The Carillion Collapse: Corporate Sickness in May’s Britain
Britain is ill, and even as the opportunists and populists scramble before the hardened negotiators of the European Union over imminent exit, revising optimistic forecasts and notions of sovereign greatness has begun. Within Theresa May’s decaying state comes yet another economic disaster, and one that has prompted a revival of government assistance before the vicissitudes of the market. This, from a Tory government extolling the divine nature of free market enterprise.
Carillion, the UK’s second biggest construction company, is in a mammoth pickle, one to the tune of £1.5 billion. It has gone into liquidation after the weekend failure to reach agreement with lenders and the government, a fact that literally threatens up to 20,000 jobs within the country, not to mention pension funds to the value of £600m.
Things get even more interesting when one sees where these jobs are, located across a range of industries from defence, health, transport (the HS2 high-speed rail line comes to mind) and education (notable here is the provision of dinners and cleaning for hundreds of schools). In short, the company was something of a poster boy in the outsourcing agenda of government, golden boy of the competitive, tendering process.

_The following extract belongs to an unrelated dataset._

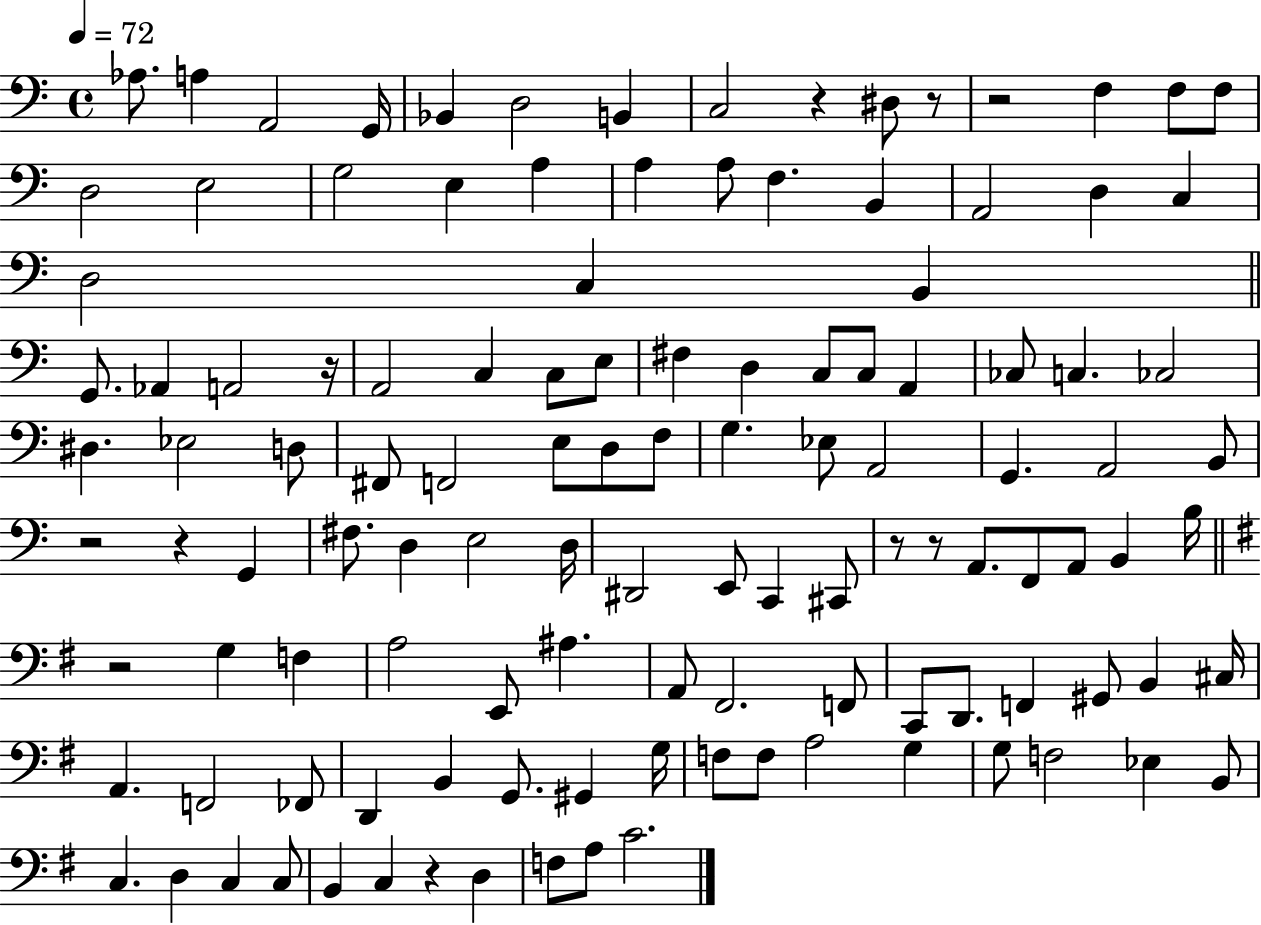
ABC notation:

The situation for the company has been so notably stricken as to prompt an emergency Cobra meeting by May’s Cabinet lasting for up to two hours. Cabinet Office minister David Lidington suggested with usual understatement in the face of imminent catastrophe that matters had gone “pretty well” given that “people were turning up to work” and no “reports of serious interruption to service delivery” had been received.
Lidington’s language is that of a session at your MP’s surgery: dull, medicated, non-committal. Most of all, there is no sense of alarm. The meeting, he continues, provided an “opportunity for ministers to test what sort of concerns are being expressed and decide how we should best address them”.
To date, the government has committed its first notable transgression against its self proclaimed free market ideology: covering the dues for small businesses and employees connected with Carillion’s public contracts. The disastrous conduct of the golden boy must be somehow addressed.
Lidington’s point is to dress the assistance to those connected with the provision of public services in a different costume: avoid, for instance, any reference to a bailout, which reeks of the socialist hand and state-directed philosophy. “The action we have taken is designed to keep vital public services running rather than to provide a bailout on the failure of a commercial company.”
The consequences of such a patchy approach are already evident. Given the web of contracts and commitments other companies have with Carillion, jobs are already being lost, the devastation starting to bite. As a worker for the Midland Metropolitan Hospital Building told the BBC, “Everyone on the site told: ‘That’s it, go home.’ My company said, ‘You’ve been laid of.’”
Did anybody see this coming? The situation last summer was already providing smoke signals of danger that all was not prudent on the financial side of Carillion. The books were simply not tallying. The company had issued profit warnings, largely triggered by overrunning costs regarding the Midland Metropolitan Hospital in Sandwell, the Royal Liverpool Hospital, and the Aberdeen bypass.
Notwithstanding these concerns, ideology prevailed: the company still received £2bn worth of contracts. It was too big not to, being the fundamental face of outsourcing. An export guarantee issued on July 6 even went so far as to put £130m of taxpayer funds at risk.
Frank Field MP, chair of the Work and Pensions select committee, was unflattering: “Carillion took on mega borrowings while its pension deficit ballooned. We called over a year ago [The Pensions Regulator] to have mandatory clearance powers for corporate activities like these that put pension schemes at risk, and powers to impose truly deterrent fines that would focus boardroom minds.”
Labour leader Jeremy Corbyn has been, predictably, the first to take the hammer to government policies on privatisation, most notably what he terms the “out-source first dogma”. “In the wake of the collapse of the contractor Carillion, it is time to put an end to the rip-off privatisation policies that have done serious damage to our public services and fleeced billions of pounds.”
Showing that this was not merely a concern on the left of politics, the traditional gristle of progressive concern for market forces, Bernard Jenkin, Conservative chairman of the House of Commons Public Administration Committee, made a rather damning admission. Carillion’s collapse “really shakes public confidence in the ability of the private sector to deliver public services and infrastructure.”
This is the Thatcherite sin of Britain, government prostrate before the private provision of services, the state indifferent to accountability. In May’s declining Britain, even receiving a half-credible, resourced public service from any sector, is a doomed challenge.